In those days—and for all we know today as well—when the CIA is asked by the press or another part of the government about its involvement in some covert activity, the answers it puts on paper—even in internal memoranda—don’t really try to tell the whole truth. Instead, they summarize what the files say, which may not be the whole story at all. (When the assassination plots against Castro leaked on several occasions before 1967 the agency simply denied there was anything to them at all—but after the IG made his investigation and filed his report, they could not.) When the United States decides to authorize an agency to break the laws of other countries (and, sometimes, our own), it also, in effect, makes it very difficult to know what that agency has done or is doing, and impossible, in the long run, to know the whole truth. All Americans should ask themselves whether this is worth the price.


It occurred to me this morning, reading a Washington Post story about John McCain's broke and imploding run for the White House, that we now have an even more important gap in our knowledge regarding major political contributors. The campaigns for the presidential nominations, even more than the general elections, depend largely on big-money donors, but the press does not systematically tell us who they are, how much they give, how they make their decisions, or what they want. Almost eighteen months ago several leading Democrats told me that Hilary Clinton had most of the major Democratic contributors sewn up. Only time will tell whether the whole eighteen-month process which is now about 1/3 over was really something of a charade whose outcome was largely predetermined by conclaves in smoke-free rooms about which we know almost nothing. I hope the answer is no.



4 comments:

Anonymous said...

Well there was certainly plenty of skulduggery and conspiracy in the Kennedy assassination that was likely buried for the sake of "national unity". So much is held back owing to "national unity" or "reasons of security". Appalling.

The backers of Hillary are "The Core", which the New Left Review cites all the time.

Real History Lisa said...

David,

I note you say Robert Kennedy was "only" angry at the use of the Mob, not the plots themselves. That's the line the CIA has put out for years, but that's just not true. Robert Kennedy did not want Castro killed, just ousted. He told Dick Goodwin he was upset that people accused him of trying to kill Castro (this accusation was made in his lifetime). RFK told Goodwin he's the one who saved his life. See my blog entry re that, including a section on the IG report's acknowledgment that the CIA did not have executive authority for the plots.

I hope your book on the Kennedy assassination is more honest than Bugliosi's. Goodness knows the case cries out for serious scholarship!

Real History Lisa said...

David, per your comment on my blog, I'll have to see the transcript of the Hoover/Kennedy conversation to which you refer. Excuse my skepticism. There was a time I believed the Kennedys had indeed ordered the killing of Castro. But the more I read, the more I realized this was the Helms/Halpern line with no substantial support.
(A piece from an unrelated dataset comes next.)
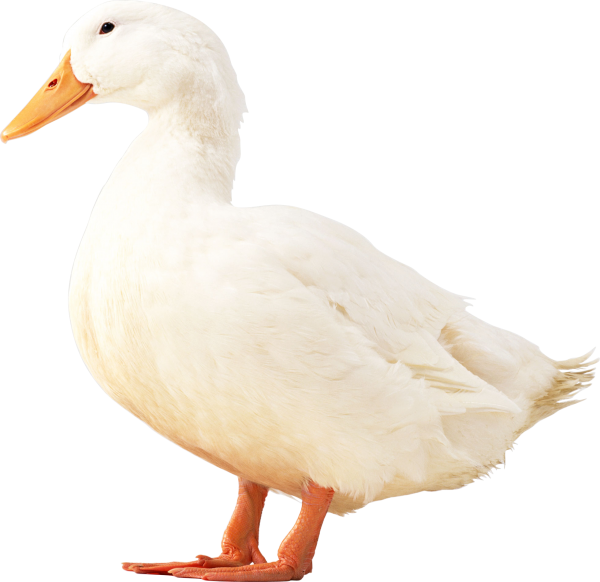 duck png free download 32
In addition, didn't you find it odd that the Family Jewels as released had no mention of RFK's alleged role in the Castro plots? If the Kennedys had authorized the plots, there would have been no reason to keep them hidden because the CIA could have claimed executive authority. But as I showed in that excerpt of the IG report, the CIA itself admitted they HAD no executive authority for the plots. That's why the Castro plots ended up in the Jewels in the first place. Agency employees themselves believed the plots to be a violation of the law.